The shift to rail is faltering - more efforts required

The proportion of transalpine freight transport carried by rail across Switzerland remains significantly higher than in other Alpine countries. Nevertheless, four years after the completion of the NRLA, the first limits to the success of the modal shift are becoming apparent: the share is falling again after years of continuous growth. In transit, the many infrastructure works, diversions and cancellations, the high track and energy prices and the competitiveness of the railways are having a negative impact.

Markus Seeger

The Swiss modal shift policy is enshrined in the Federal Constitution and enjoys broad public support. Rail's market share remained high at 72.7 per cent in the first half of 2023. This success story is due to a clever combination of various transport policy measures: consistent implementation of the liberalisation of rail freight transport, the construction of new and modern rail infrastructure for the NRLA (Lötschberg, Gotthard and Ceneri base tunnels and the 4-metre corridor) and operating subsidies for combined transport.

The economy and infrastructural environment jeopardise the relocation
Over the past two years, however, the successful model has begun to crack. After the euphoria surrounding the completion of the NRLA routes, the current market environment is extremely challenging and rail is once again losing traffic share. Combined transport and conventional transport are currently 10-15% below the previous year's level. Added to this is the low operational stability on the right bank of the Rhine, mainly in Germany. On certain routes north of Switzerland, more than half of all goods trains are running more than six hours late. Next year, further major construction sites are planned on the northern approach and routes will even be closed to rail freight traffic for months without the necessary diversion capacities being available. This leads to planned and also short-term cancellations of goods trains, which means a high financial burden for the rail transport companies. On the one hand, there is a lack of revenue and, on the other, high additional costs are incurred due to inefficiencies in the deployment of locomotive crews and locomotives.

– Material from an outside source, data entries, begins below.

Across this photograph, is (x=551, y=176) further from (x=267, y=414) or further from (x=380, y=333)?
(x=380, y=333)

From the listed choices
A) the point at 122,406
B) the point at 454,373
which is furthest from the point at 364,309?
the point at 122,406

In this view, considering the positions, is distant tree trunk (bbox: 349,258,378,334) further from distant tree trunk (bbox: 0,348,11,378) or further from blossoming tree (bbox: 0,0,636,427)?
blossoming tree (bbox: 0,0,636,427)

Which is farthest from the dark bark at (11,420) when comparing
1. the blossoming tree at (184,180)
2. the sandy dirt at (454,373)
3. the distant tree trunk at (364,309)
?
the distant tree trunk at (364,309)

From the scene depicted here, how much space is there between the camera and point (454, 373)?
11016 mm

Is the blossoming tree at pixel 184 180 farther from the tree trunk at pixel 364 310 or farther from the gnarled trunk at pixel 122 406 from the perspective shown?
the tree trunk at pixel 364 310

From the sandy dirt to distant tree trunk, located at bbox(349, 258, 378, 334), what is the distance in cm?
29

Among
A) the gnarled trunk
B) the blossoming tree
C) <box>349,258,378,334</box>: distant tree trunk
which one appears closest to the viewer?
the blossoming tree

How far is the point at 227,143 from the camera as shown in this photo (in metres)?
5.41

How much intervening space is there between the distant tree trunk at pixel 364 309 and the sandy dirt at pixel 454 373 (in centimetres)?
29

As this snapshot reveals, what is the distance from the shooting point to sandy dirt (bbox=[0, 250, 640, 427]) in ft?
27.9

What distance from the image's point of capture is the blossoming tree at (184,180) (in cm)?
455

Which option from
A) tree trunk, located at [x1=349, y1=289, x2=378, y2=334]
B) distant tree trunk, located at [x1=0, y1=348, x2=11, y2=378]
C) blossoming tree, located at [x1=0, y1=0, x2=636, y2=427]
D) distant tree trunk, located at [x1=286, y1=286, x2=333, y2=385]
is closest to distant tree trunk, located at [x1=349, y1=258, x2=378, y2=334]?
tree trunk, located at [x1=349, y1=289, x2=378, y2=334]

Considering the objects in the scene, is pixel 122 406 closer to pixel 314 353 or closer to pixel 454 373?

Relocation policy only works with an efficient infrastructure
BLS Cargo is very pleased to note that the importance of the modal shift policy has been confirmed in the new report. We welcome the short-term support measures already taken by the federal government, such as the stabilisation of energy prices in 2024, the stabilisation of operating charges in 2024 and the inflation adjustment and further development of the HVF to maintain competitiveness. The HVF must be further developed in the coming years so that it can continue to exert its steering effect.

The challenge facing Switzerland's modal shift policy in the coming years is that it is heavily dependent on infrastructure operators and the efforts of neighbouring countries. The Federal Council states accordingly in the modal shift report: "Efforts for the coming reporting period must therefore be aimed primarily at first maintaining and then increasing the efficiency of the infrastructure for north-south rail freight transport. The infrastructure managers are primarily responsible for this. The primary objective is to ensure reliability and quality as key prerequisites for consolidating or expanding the market share of rail transport."

According to BLS Cargo, improvements are needed for the entire corridor in order to achieve the modal shift targets and to further strengthen the rail share of freight transport, as this is where the greatest obstacles lie. There is an urgent need for action in the following areas:

  1. Construction site coordination and compensation: Diversion capacities are needed in view of the planned extensive construction sites and route closures. From the point of view of the freight industry, construction may only take place if there are diversion options for at least 80% of the freight volumes. Adequate disruption handling and quality management must be ensured through improved international cooperation between infrastructure operators.
  2. Stabling and buffering facilities: The quality on the Rhine-Alpine corridor can be stabilised with available buffering facilities at border locations and on the Swiss Plateau. This makes it possible for goods trains to depart from the north and south "on schedule", even if delays are imminent. These stabling options should be provided for in the short-term track allocation for freight transport, especially on existing facilities, and should be financed in the event of necessary expansions.
  3. Stabilisation and reduction of track access charges: The track access charge for goods trains in Switzerland is significantly higher than in the other countries on the corridor. Rail energy prices, which are charged via the track access charge, must also be kept under review. Future adjustments to the traction current price should ensure that the rate of increase in the traction current price does not exceed the market price development of the diesel price.